Hey guys, out of boredom, I've researched about harlequins because I bought them a few weeks ago. Upon research, it seems like the ones I got are either the Espeis or the Hengelis. I personally like these more than harlequins as they are more slimmer. I've tried to search and it looks like the Hengelis are somewhat paler in color, like a stressed out Espei. Besides the color, can anyone tell me other differences between the two? 

The two species schooling isn't a problem right? When I got them, the schooled. And from time to time they shoal through my filter outlet, so I guess they do school together.

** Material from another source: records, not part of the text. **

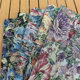 Factory Direct polyester cotton yarn-dyed jacquard cloth amino acid oil painting Wind Sand release bag clothes decoration in stock wholesale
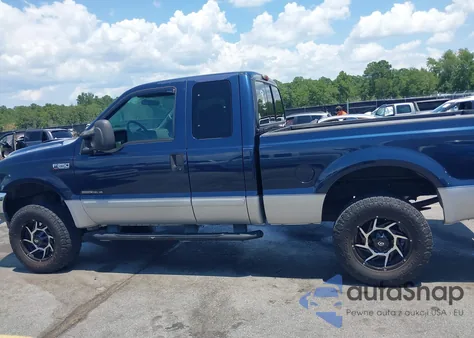 2002 Ford F-250 Lariat/Xl/Xlt z USA, uszkodzony, nr VIN 1FTNX21F72EC13520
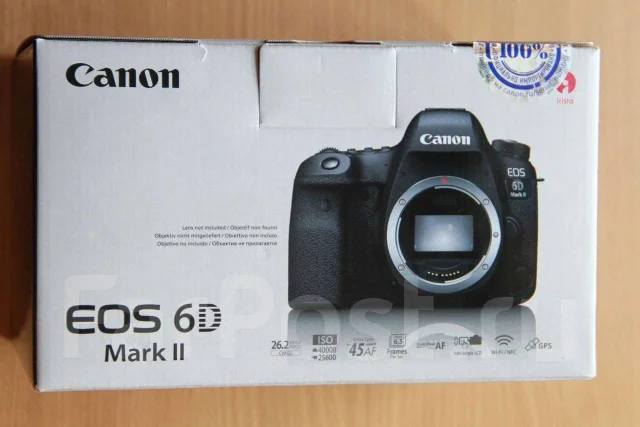 Canon EOS 6D Mark II. 20 � ����� �� ����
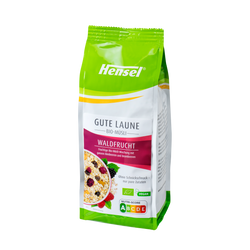 Schoenenberger Hensel Gute Laune Bio-Müsli Waldfrucht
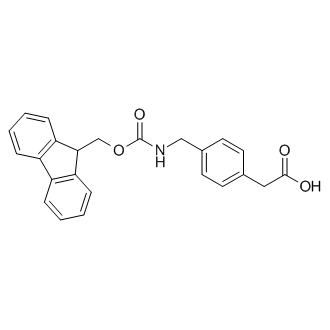 2-(4-(((((9H-Fluoren-9-yl)methoxy)carbonyl)amino)methyl)phenyl)acetic acid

P.S. They did a spawning dryrun, pretty much how harlequins do it, so I thought that they were harlequins before finding out that mine weren't harlequins.


----------



## n25philly (Dec 12, 2013)

I can't answer much, but I have espei's myself, and when I got them there was one harlequin in the group. He schooled with the espei's but had pretty washed out colors and died off after maybe 6 months or so. Maybe a mix will work better for you, but keep an eye on them.


----------



## WaterLife (Jul 1, 2015)

Yeah they can school together, even harlequins can with the slimmer espei and hengeli. The only difference betweeb espei and hengeli is the orange on the hengeli only reach about half way from the cadual tail to mid body with the gill to nose area remaining clear/no color, while espei has orange the whole way from nose to cadual tail. Care requirements and body traits are all the same to my knowledge. Espeis are a nice looking fish. I made sure to get them over hengelis.


----------



## Miki117 (Aug 29, 2014)

Well I stared at them for a good 15 minutes and really can't say these are hengelis. They aren't as vivid as the espeis, but not as pale as hengelis(based on the pictures I saw). They're like hengelis but have some king of yellowish shade on the part were hengelis should be pale. I'm 80% sure, but can anyone confirm? Sorry for the dirty look, still moving things around. 

EDIT: Their fins doesn't have any shade or color.


----------



## msjinkzd (May 12, 2007)

the bottom five are definitely espei


----------



## Miki117 (Aug 29, 2014)

Really? I guess they're all espeis, the one at the top looked pale most likely because of the light lol. Thanks all!


----------